##### Material supplied #####

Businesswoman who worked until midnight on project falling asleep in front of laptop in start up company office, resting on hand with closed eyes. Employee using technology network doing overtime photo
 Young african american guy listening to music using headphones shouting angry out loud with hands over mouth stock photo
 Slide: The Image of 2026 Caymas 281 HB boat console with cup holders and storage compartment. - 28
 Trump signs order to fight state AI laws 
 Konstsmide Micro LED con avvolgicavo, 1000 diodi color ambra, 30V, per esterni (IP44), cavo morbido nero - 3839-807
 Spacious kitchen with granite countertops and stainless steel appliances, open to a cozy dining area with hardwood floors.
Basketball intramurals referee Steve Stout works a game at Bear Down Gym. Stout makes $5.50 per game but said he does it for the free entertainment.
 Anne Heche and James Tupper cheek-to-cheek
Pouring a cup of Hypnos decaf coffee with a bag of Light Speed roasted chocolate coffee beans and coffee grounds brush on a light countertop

#####

What needs to be done: Write out every line, unchanged, from the one containing "Spacious kitchen with" through the closing line of the data.

Answer to this exercise:
 Spacious kitchen with granite countertops and stainless steel appliances, open to a cozy dining area with hardwood floors.
Basketball intramurals referee Steve Stout works a game at Bear Down Gym. Stout makes $5.50 per game but said he does it for the free entertainment.
 Anne Heche and James Tupper cheek-to-cheek
Pouring a cup of Hypnos decaf coffee with a bag of Light Speed roasted chocolate coffee beans and coffee grounds brush on a light countertop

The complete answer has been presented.